Listening to the Ehrenreich recordings, Roundtable with Will Crutchfield (conductor, director Teatro Nuovo, New York), Barbara Gentili (Cardiff University), and Lola San Martin (EHESS Paris), Bern University of the Arts, September 2020.

The Lost Art of Vocal Registration: an Auto-ethnographic Narrative about the Birth of “Modern” Operatic Singing, ICMuS Research Seminar Series, International Centre for Music Studies, Newcastle University, April 2020.

Beautiful Singing: Understanding the Italian Way, Concerts and Colloquia Series, Middlesex University, London, March 2017.

Invited presentations and conference papers

‘Il canto ‘moderno’ di una ‘donna nova’: Emma Carelli nell’Italia del primo Novecento, “Saggiatore Musicale” annual meeting, Bologna University, November 2020.

‘Emma Carelli nella cultura italiana del primo Novecento: impersonando la ‘donna nova’ sul palcoscenico e oltre’, Italian Society of Musicology's annual conference, Siena, October 2020.

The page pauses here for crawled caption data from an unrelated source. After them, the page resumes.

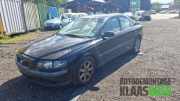 Hauptscheinwerfer links Volvo S60 I 384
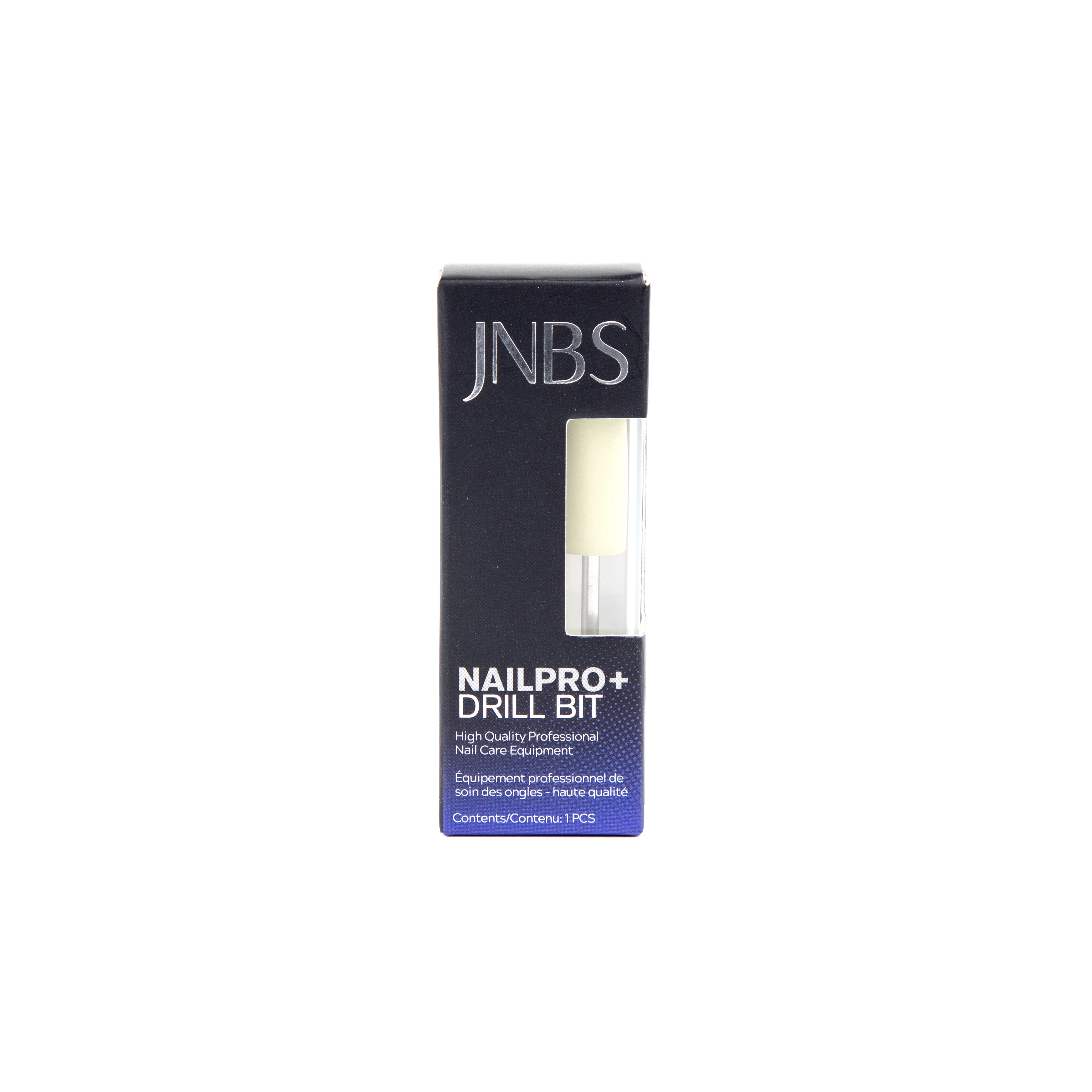 JNBS DRILL BIT | SILICONE BIT | MODEL NO. (1PC) 8544 - Image 2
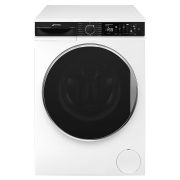 Стиральная машина с фронтальной загрузкой SMEG WM3T04RU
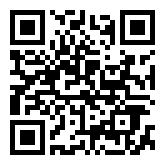 http://www.hoaujd.com/you/351136.html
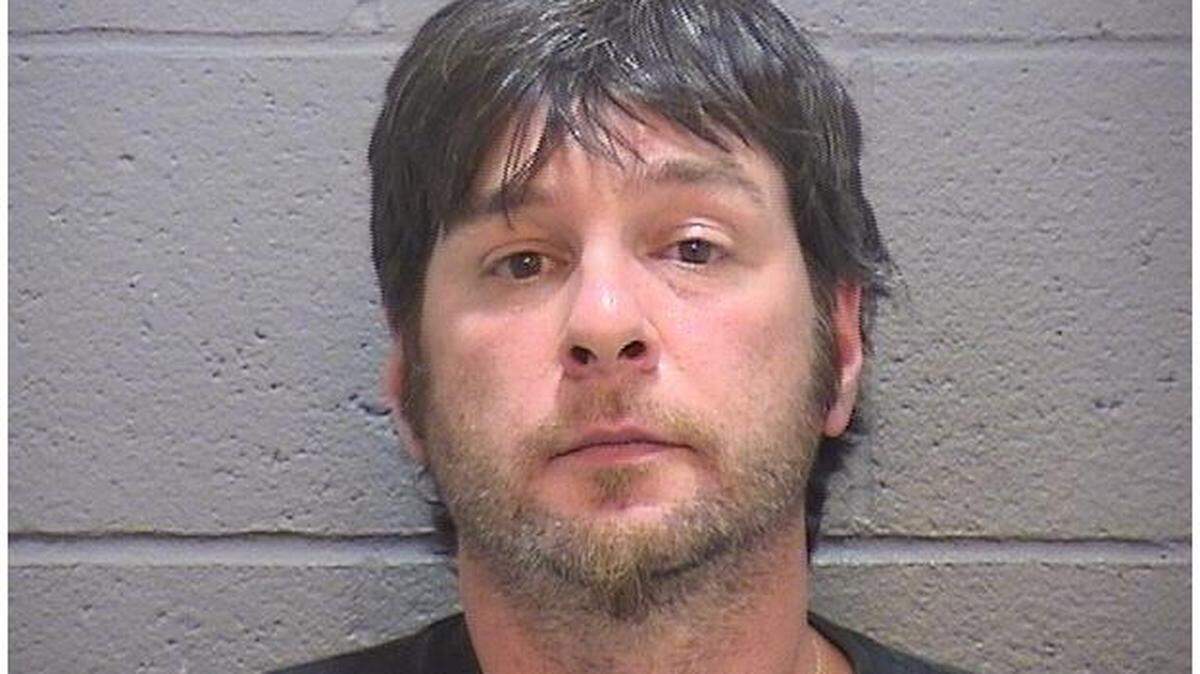 Coy Bell, 47, is accused of trying to steal computer files from Cree Inc. authorities say could give a competitor or “foreign entity” a leg up in duplicating something the company’s been working on for 30 years.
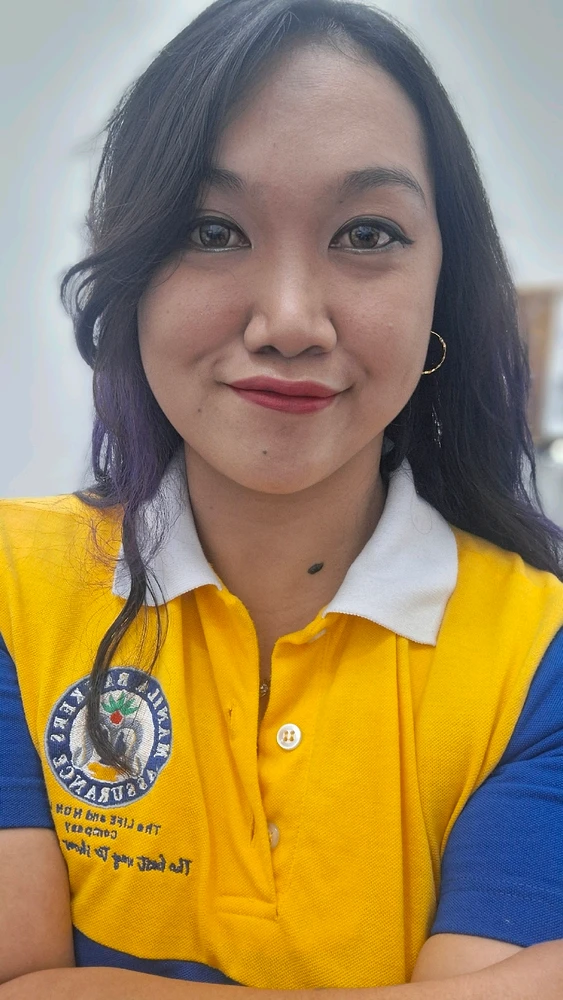 Image uploaded by CariShiela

‘Score as a Map: Exemplifications from Early Recordings of Operatic Sopranos’, Correct, but not Beautiful Performance II conference, Sydney Conservatorium of Music, Vienna, Sept. 2019.

‘New Takes on the Tenor Voice: Reinterpreting Its History through Early Recordings’, New Takes on Recorded Music conference, University of Surrey, Sept. 2019.

'Emma Carelli: Performing the Donna Nova On the Operatic Stage and Beyond’, paper for The Second International Conference on Women’s Work in Music, Bangor University, Sept. 2019.

‘Earthy Singing and Sensuous Voices: the Changing Aesthetics of Vocal Registration in Pre-Electrical Recordings of Verismo Sopranos’, Early Recordings: Past Performing Practices in Contemporary Research conference, University of Huddersfield and University of Glasgow, Pushkin House London, June 2019.

‘The “Modern” Soprano: a Strong Model of Femininity’, 54th Royal Musical Association Annual Conference, University of Bristol, Sept. 2018.

‘Reconsidering Current Performance Practices: the Singer as a Creative Artist’, Collision Festival, Central School of Speech and Drama, September 2018.

‘How my Research Is Informed by my Own Practice as an Opera Singer’, Autoethnography and Self-Reflexivity in Music Studies conference, IMR London, April 2018.

‘La vocalità italiana diventa moderna’, Italian Society of Musicology's annual conference, Lucca, October 2017.

Committees and reviewing

Events Organisation

‘Early Recordings: the Impact of a Transformative Technology’, Study-day at the Royal College of Music, 16 April 2021.

'Interconnections: Humanities, Creative Arts Practice and the Cultural Sector', Festival of the Humanities, Newcastle University, (TBD 2021).